Where an entry contains an image, skip the image and print the rest exactly.

Short text fragments from websites
___

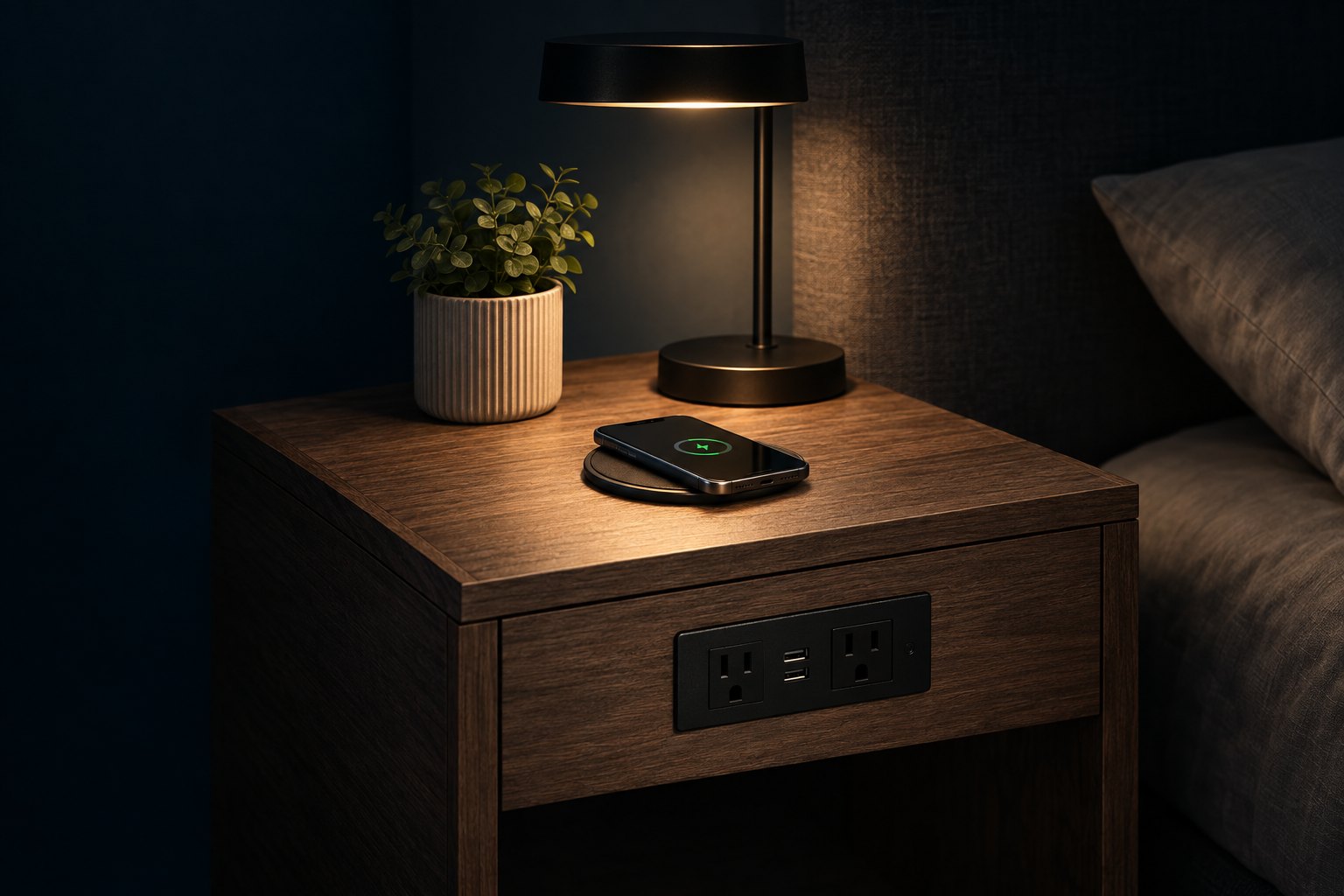 A dark wood bedside table at night lit by a small lamp, with a phone resting on a wireless charging pad and an outlet plate set into the front carrying two USB ports and two wall sockets.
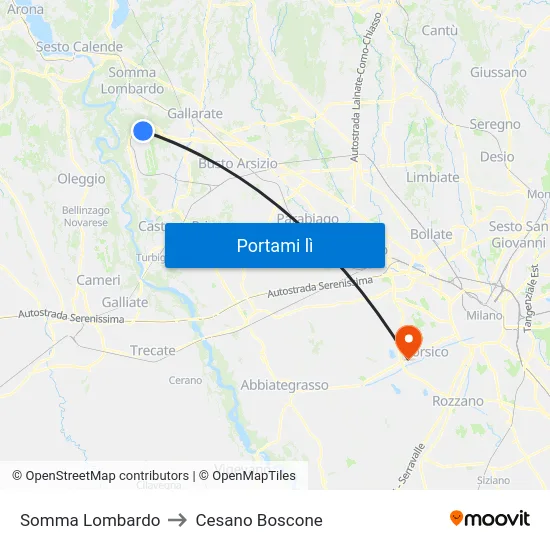 Somma Lombardo to Cesano Boscone map
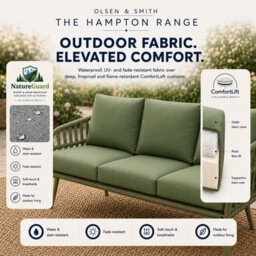 Olsen & Smith Hampton 5 Seater 6 Pcs Outdoor Garden Sofa Set 3-Seat Sofa, 2 Armchairs & Table  Rust-Resistant Aluminium Frame - thumbnail 3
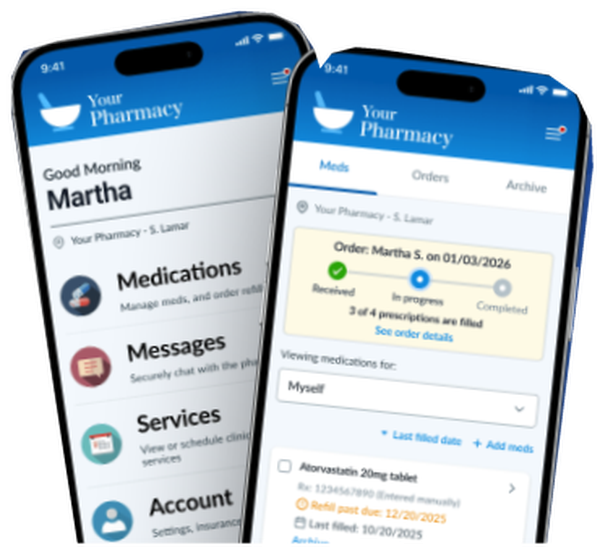 Two phones showing a preview of the patient portal's home screen and medication list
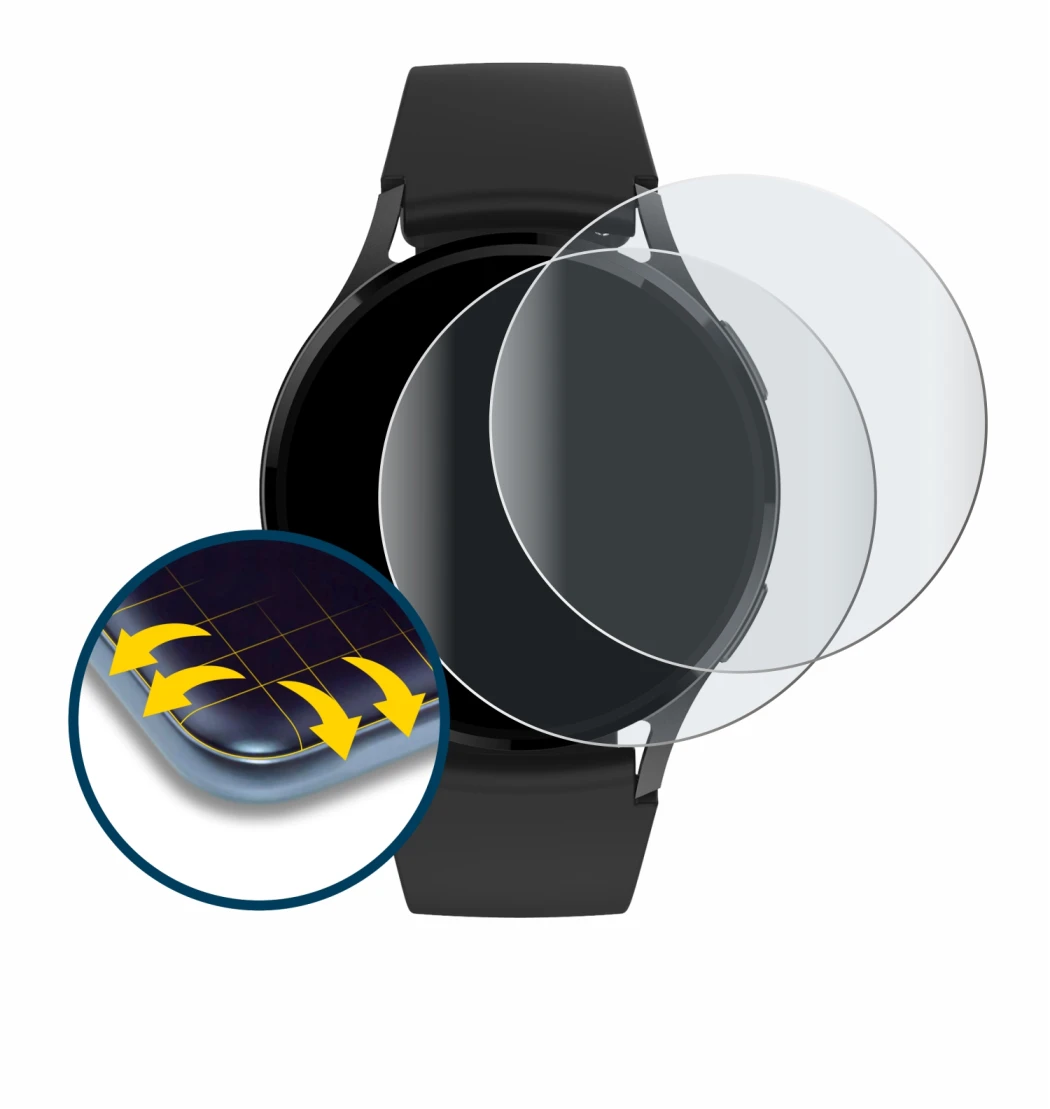 Image of the device Levowatch EDGY with a wide variety of screen protectors.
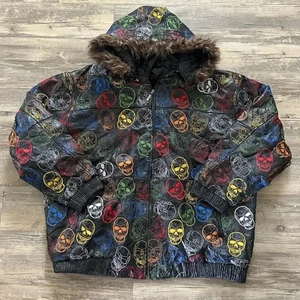 Vintage Y2K Skulls All Over Print AOP Leather Bomber Jacket W/ Fur Hood Size 5XL - Picture 1 of 4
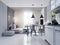 Dining room with dining table and sitting area with sofa in a modern white loft style kitchen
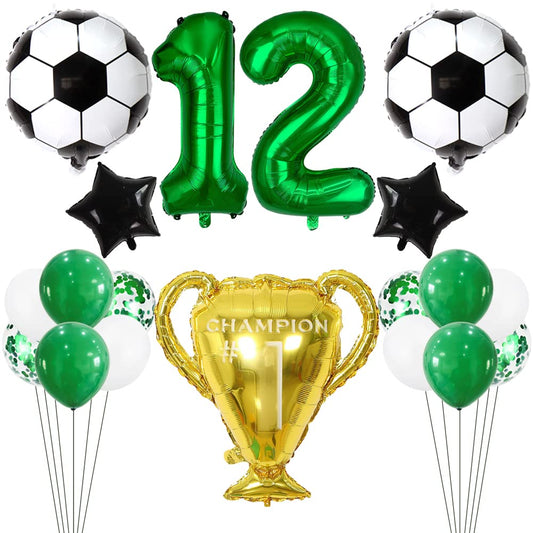 Soccer Themed Number 12 Birthday Balloon Decoration Kit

___

### EXERCISE OUTPUT:
 A dark wood bedside table at night lit by a small lamp, with a phone resting on a wireless charging pad and an outlet plate set into the front carrying two USB ports and two wall sockets.
 Somma Lombardo to Cesano Boscone map
 Olsen & Smith Hampton 5 Seater 6 Pcs Outdoor Garden Sofa Set 3-Seat Sofa, 2 Armchairs & Table  Rust-Resistant Aluminium Frame - thumbnail 3
 Two phones showing a preview of the patient portal's home screen and medication list
 Image of the device Levowatch EDGY with a wide variety of screen protectors.
 Vintage Y2K Skulls All Over Print AOP Leather Bomber Jacket W/ Fur Hood Size 5XL - Picture 1 of 4
 Dining room with dining table and sitting area with sofa in a modern white loft style kitchen
 Soccer Themed Number 12 Birthday Balloon Decoration Kit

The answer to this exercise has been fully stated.